Já a pessoalidade está caracterizada pela obrigação do empregado de exercer pessoalmente as tarefas contratadas – ele não pode delegar a prestação do serviço para outra pessoa. “Em um cenário hipotético, o trabalhador não poderá enviar algum amigo ou parente para exercer a função, quando estiver impossibilitado de comparecer ao serviço”, exemplifica Marina Lacerda.

Não eventualidade

Mais um ponto importante é a não eventualidade: . Aqui, deve-se ressaltar que a CLT não quantifica número de horas ou dias para definir quando a atividade é eventual ou não. Por essa razão, mais do que em outros itens, essa avaliação depende de análise de caso concreto e também de outras variáveis, como a jurisprudência estabelecida para cada profissão. Para empregadas domésticas, por exemplo, há o entendimento de que, se o trabalho for realizado até duas vezes por semana, não estará configurado o vínculo. Já para empregados que embarcam em navios, alternando 15 dias de trabalho com 15 dias de folga, fica caracterizada a continuidade da prestação do serviço, estabelecendo-se o vínculo. “Em resumo, não é tanto a quantificação da jornada que importa, e sim a natureza da atividade”, afirma a advogada.

Onerosidade

Outra questão importante é a necessidade de que haja retribuição do desempenho da atividade exercida pelo empregado em forma de salário. Um exemplo prático de fácil compreensão é a limpeza de uma igreja feita de modo contínuo e voluntário por um dos fiéis. Neste caso, estão presentes tanto a pessoalidade quanto a não eventualidade, mas o vínculo empregatício não se configura, uma vez que o trabalho não é oneroso, e sim voluntário, já que não há retribuição de salário por parte da igreja.
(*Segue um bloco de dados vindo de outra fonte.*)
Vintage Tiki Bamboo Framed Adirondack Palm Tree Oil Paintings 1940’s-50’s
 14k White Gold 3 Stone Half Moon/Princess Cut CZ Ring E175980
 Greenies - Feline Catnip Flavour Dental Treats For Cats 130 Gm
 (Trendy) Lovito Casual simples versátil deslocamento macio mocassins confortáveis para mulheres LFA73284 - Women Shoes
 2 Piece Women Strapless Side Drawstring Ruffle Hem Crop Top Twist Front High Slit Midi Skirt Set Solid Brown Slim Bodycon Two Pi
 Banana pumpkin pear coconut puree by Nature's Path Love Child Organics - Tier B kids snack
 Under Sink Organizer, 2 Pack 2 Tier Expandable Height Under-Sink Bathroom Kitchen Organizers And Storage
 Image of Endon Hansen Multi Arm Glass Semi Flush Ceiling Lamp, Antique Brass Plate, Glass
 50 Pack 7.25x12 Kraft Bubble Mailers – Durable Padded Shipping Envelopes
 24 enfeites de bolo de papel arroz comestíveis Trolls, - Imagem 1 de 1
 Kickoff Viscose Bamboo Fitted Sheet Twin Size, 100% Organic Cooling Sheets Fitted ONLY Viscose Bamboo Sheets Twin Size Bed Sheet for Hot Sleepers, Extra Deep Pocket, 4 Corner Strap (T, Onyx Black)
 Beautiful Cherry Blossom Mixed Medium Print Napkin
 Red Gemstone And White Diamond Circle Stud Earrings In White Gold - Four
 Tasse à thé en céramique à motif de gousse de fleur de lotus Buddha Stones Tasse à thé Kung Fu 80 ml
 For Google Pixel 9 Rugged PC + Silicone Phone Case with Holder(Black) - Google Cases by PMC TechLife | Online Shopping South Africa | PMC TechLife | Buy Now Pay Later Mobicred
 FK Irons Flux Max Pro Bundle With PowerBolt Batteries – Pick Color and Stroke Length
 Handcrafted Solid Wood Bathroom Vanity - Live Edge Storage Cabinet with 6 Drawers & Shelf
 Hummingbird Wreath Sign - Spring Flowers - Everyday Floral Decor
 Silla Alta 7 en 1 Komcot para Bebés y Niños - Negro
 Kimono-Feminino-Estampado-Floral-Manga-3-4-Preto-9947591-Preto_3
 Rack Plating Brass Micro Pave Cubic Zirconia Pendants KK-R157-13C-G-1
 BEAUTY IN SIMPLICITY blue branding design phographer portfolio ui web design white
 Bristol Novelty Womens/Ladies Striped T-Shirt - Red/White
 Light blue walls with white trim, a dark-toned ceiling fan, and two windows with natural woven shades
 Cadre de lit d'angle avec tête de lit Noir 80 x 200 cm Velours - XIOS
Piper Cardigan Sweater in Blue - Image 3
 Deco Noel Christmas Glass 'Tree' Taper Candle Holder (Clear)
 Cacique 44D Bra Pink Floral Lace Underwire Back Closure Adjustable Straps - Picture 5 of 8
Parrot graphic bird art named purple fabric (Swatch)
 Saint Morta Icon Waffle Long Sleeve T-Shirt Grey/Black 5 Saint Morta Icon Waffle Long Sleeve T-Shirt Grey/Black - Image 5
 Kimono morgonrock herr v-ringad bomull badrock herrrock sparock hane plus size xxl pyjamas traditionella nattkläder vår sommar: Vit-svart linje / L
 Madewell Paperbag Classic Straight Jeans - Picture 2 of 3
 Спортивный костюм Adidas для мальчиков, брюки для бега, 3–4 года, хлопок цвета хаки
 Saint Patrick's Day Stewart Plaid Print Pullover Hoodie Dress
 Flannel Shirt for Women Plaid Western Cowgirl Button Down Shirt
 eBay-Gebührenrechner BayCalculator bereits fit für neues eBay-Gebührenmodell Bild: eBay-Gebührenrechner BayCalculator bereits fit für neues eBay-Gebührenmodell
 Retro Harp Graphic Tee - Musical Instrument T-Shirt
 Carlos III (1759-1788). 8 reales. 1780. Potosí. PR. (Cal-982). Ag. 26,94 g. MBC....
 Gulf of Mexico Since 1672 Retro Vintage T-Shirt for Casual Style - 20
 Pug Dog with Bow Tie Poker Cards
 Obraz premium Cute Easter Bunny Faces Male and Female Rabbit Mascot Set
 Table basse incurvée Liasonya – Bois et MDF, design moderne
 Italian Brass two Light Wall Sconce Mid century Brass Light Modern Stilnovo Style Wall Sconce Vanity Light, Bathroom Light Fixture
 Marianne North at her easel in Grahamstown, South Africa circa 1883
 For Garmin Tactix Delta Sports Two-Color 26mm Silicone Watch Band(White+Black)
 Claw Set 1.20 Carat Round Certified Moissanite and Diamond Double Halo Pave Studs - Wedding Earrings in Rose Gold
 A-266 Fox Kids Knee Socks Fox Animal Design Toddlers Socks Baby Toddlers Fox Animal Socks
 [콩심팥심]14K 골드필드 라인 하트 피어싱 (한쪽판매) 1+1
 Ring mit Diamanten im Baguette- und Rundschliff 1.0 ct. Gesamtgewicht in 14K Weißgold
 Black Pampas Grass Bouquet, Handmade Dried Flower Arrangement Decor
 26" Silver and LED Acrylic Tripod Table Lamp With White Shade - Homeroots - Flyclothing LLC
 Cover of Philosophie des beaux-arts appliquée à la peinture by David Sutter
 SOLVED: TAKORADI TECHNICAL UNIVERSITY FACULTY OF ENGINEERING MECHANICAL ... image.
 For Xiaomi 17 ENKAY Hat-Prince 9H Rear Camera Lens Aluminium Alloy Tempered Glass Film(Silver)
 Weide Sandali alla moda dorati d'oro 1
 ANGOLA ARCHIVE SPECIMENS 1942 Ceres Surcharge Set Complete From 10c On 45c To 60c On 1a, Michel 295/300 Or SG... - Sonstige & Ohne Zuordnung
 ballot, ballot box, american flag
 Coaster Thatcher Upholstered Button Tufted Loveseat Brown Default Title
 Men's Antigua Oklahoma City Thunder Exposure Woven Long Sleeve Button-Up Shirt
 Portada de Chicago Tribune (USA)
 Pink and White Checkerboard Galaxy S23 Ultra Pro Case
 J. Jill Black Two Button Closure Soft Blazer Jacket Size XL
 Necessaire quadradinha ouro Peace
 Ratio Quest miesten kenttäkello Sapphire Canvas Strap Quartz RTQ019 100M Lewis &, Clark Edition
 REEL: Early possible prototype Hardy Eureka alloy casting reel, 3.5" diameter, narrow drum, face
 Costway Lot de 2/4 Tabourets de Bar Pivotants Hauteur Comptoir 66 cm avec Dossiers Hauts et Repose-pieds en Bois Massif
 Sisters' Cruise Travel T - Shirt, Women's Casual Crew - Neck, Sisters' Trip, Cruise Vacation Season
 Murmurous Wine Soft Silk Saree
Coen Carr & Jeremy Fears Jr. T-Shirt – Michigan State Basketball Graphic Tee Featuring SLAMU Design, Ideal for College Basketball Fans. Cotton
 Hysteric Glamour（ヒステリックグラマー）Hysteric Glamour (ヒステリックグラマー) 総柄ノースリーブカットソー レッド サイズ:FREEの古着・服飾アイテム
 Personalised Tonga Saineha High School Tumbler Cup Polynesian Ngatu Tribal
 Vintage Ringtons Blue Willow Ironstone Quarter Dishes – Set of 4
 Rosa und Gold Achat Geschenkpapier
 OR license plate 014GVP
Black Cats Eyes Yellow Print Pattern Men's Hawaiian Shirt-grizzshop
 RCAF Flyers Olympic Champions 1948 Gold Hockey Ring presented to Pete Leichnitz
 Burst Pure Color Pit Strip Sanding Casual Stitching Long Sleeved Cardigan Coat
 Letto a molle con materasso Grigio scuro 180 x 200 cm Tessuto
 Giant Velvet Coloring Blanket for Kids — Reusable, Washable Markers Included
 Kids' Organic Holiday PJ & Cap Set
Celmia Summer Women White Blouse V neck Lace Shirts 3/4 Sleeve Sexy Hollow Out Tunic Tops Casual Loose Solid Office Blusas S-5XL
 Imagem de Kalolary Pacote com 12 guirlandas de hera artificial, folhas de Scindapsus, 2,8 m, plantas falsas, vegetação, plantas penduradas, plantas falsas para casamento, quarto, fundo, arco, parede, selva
Isenção de risco e reforma trabalhista

Cabe destacar ainda que o artigo 2º da CLT determina também que o empregador não poderá transferir ao empregado os riscos do negócio. Em outras palavras, ele é que deverá arcar com eventuais prejuízos da atividade econômica, uma vez que o empregado não é sócio do empreendimento. A advogada Marina Lacerda exemplifica: “Se um restaurante é obrigado a fechar por determinado período, em função de uma pandemia, o prejuízo em termos de lucratividade não poderá ser repassado ao trabalhador na forma de redução de salário. Esse é um item que, conforme o caso concreto, pode ser acrescentado à discussão do vínculo empregatício na ação trabalhista”.

Ela lembra ainda que a recente reforma trabalhista – adotada no Brasil sob a alegação de gerar mais empregos, o que não se confirmou – não alterou as normas acerca do vínculo empregatício, mas criou novas modalidades de contratos de trabalho, os quais merecem análise à parte. Mas esse é um bom tema para desenvolver em um próximo artigo.